Now, while I don’t feel ready to give the game a score, I can assure you that I love it with every fibre of my being. This isn’t a short game, as many will know from playing JRPGs, but it’s one that is meticulously crafted to within an inch of its life. It’s not slow to start, the plot is not a meandering mess and the characters are actually all likeable: that’s a considerable achievement. There are several elements here, from the usual battles, to the RTS-lite and then the kingdom building, it’s all introduced at just the right time, and is all seasoned just right to make each part feel unique and yet still part of the same cohesive whole.

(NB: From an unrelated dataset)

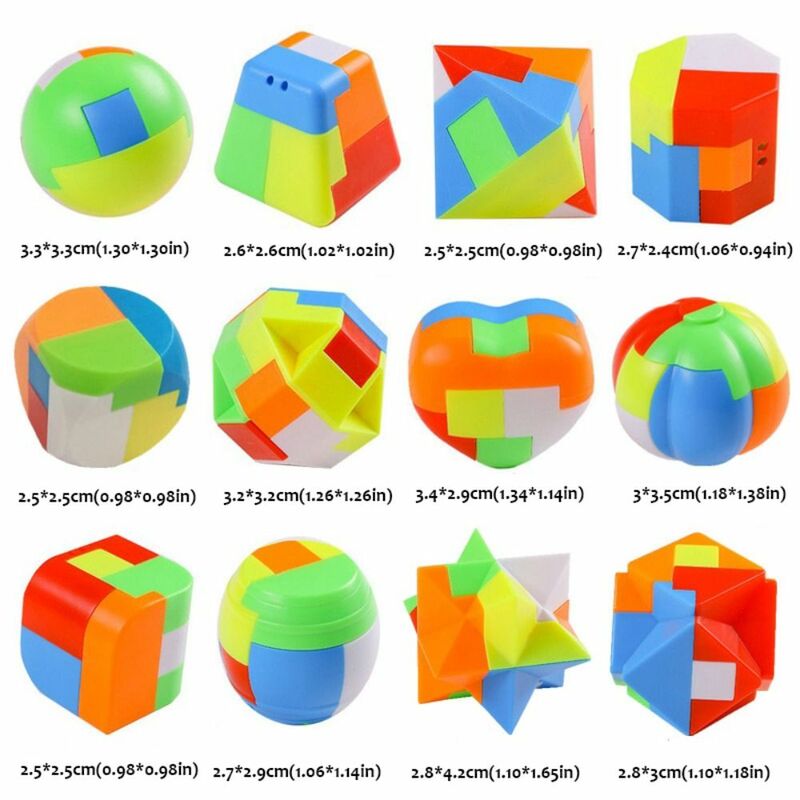 Kleurrijke Educatieve Multi-Shape Luban Lock Speelgoed Voor Kinderen Hersenen Teaser 3d Puzzel Montessori Brain Challenge Game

There’s a considerable degree of handholding here, the minimap always has your most important quest showing and as a result you’ll always be pointed in the right direction, and should always be levelled enough to be able to handle anything that gets in your way. After the regulation over-dramatic intro you’ll get into fights proper, and to be honest it all becomes second nature straight from the off. Combat is simple, yet effective, and while you’ll wince when you see an enemy that has a level much higher than your own, you’ll always have the capability to defeat it – within reason of course, don’t go taking on a level 50 when you’re 15 for crying out loud.

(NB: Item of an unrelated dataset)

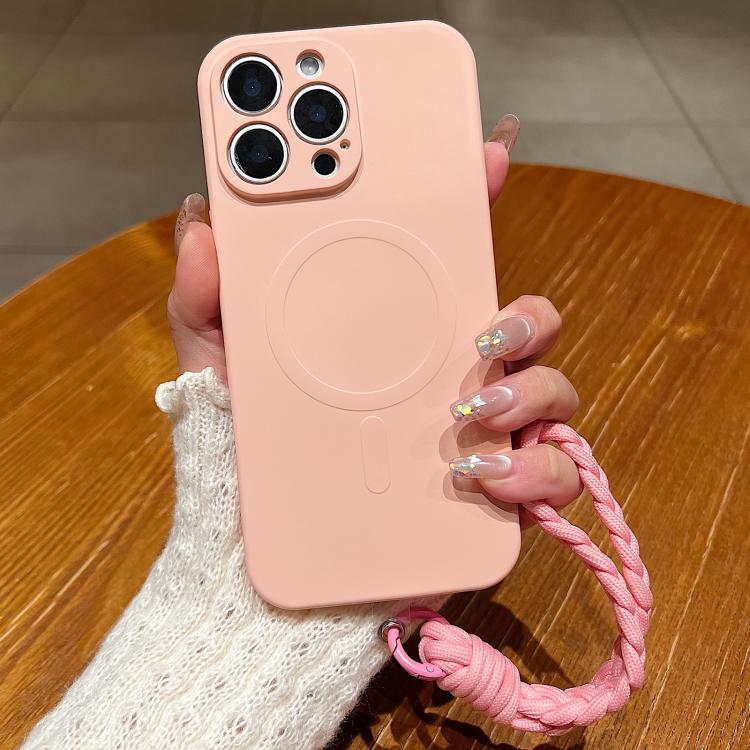 

For iPhone 12 Pro Max Solid Color Liquid Silicone Magnetic Phone Case with Lanyard(Pink)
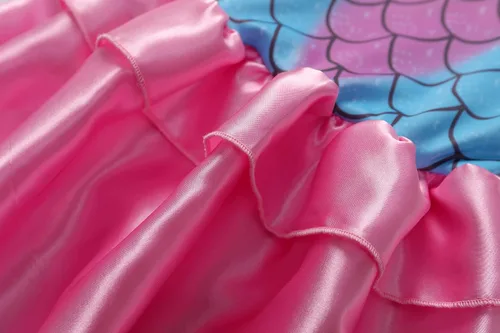 Vista 5 de Disfraz de sirena para niñas pequeñas vestido de princesa con accesorios fiesta de cumpleaños cosplay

The new combat system feels better to me than the familiar system from the first title. Here it’s a more hands on approach, with regular and heavy attacks performed with X and Y respectively (on PC, Square and Triangle on PS4), and then special attacks executed by holding R2 and then pressing a face button. It’s simple, yet incredibly satisfying to dispatch a pack of enemies in double quick time, and even more so to establish yourself tactically in a more drawn out battle.
Here’s the thing though: the story is great, the combat system equally so, but I tell you what, I could get lost in the kingdom management side of the game forever. I’ve actually found myself wanting to get to certain milestones just so I can expand my kingdom. Laying down facilities, conducting research, recruiting new citizens… it’s just so addictive even if it does feel that F2P mechanics hold it back somewhat.
Don’t take F2P as a negative here, there are no extra purchases to be made within the game. Instead, certain elements are locked behind you accumulating new residents, others are from ensuring you have enough money to pay for them, and money is earned by time elapsed. It makes sense in the context of a kingdom and taxes, I just wish that I could expand my kingdom with a bit less pushing forward in the story. For instance, I wanted to upgrade my kingdom to level 2, but needed 25 citizens, and the only way to do that was to finish the next story chapter and then recruit them, and now I just need to ensure I have the money.
Anyway, I could go on and on about this game for hours, part of me wants to throw down all my thoughts now and whack a number at the end, but this would be doing the game a disservice. Ni No Kuni 2 deserves more than a half-assed attempt at getting hours in and an ill-informed number at the end, and you, the reader deserve more than that as well. What I will say though is that this is brilliant, it’s everything I wanted the game to be and maybe even a little bit more. Rest assured a full review is coming, but right now, I have a kingdom to create.